17 september 2015 – De Wet tegemoetkomingen loondomein (WTL) is geïntroduceerd op Prinsjesdag. Hierin wordt het huidige systeem van premiekortingen vervangen door het loonkostenvoordeel (LKV) en lage-inkomensvoordeel (LIV). Deze voordelen werken anders dan de premiekorting: uw onderneming krijgt straks per werknemer een bedrag per uur.

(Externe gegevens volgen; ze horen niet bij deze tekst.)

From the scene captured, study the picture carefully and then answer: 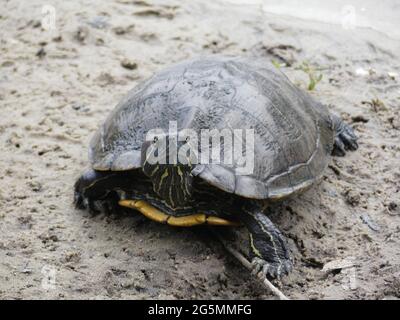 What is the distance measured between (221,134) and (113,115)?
3.26 feet

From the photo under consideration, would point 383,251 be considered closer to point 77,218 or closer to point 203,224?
point 203,224

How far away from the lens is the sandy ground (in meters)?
3.58

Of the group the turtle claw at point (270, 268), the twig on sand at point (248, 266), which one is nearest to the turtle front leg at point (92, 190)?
the twig on sand at point (248, 266)

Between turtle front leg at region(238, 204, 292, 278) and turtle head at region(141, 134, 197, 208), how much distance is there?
0.44 meters

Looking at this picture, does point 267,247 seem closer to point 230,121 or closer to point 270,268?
point 270,268

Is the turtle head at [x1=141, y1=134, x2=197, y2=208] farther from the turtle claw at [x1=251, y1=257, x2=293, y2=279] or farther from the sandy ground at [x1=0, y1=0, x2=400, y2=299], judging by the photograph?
the turtle claw at [x1=251, y1=257, x2=293, y2=279]

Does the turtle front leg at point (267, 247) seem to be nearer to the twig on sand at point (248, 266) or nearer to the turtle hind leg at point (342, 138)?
the twig on sand at point (248, 266)

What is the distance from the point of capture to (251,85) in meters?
4.25

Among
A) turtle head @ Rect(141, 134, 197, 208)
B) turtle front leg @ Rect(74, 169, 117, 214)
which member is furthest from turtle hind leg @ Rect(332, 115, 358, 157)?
turtle front leg @ Rect(74, 169, 117, 214)

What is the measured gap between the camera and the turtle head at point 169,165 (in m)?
3.58

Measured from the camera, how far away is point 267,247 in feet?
12.1

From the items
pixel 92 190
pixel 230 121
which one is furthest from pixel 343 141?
pixel 92 190

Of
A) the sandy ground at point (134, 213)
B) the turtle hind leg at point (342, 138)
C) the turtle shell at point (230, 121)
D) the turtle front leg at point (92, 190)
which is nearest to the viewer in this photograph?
the sandy ground at point (134, 213)

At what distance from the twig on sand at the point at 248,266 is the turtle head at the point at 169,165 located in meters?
0.39
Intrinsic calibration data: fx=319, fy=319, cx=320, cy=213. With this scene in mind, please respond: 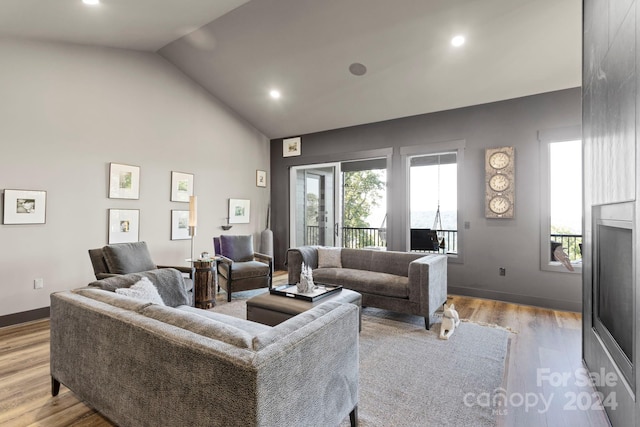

De WTL bevat twee nieuwe voordelen. Wanneer het voorstel wordt aangenomen, wordt per 1 januari 2017 het lage-inkomensvoordeel (LIV) ingevoerd. Per 1 januari 2018 komt daar het loonkostenvoordeel (LKV) achteraan. De huidige bestaande premiekortingen komen dan te vervallen. Een onderneming kan nu nog korting op de premies werknemersverzekeringen ontvangen, straks kan de onderneming een vast bedrag per werknemer per uur ontvangen.
Arbeidsgehandicapte werknemers en oudere werknemers bedraagt de LKV € 3,05 per werknemer per uur met een maximum van € 6.000 per werknemer per jaar. Uw organisatie krijgt dit voordeel gedurende maximaal drie jaar. Als u een arbeidsgehandicapte werknemer herplaatst, heeft u één jaar recht op dit voordeel.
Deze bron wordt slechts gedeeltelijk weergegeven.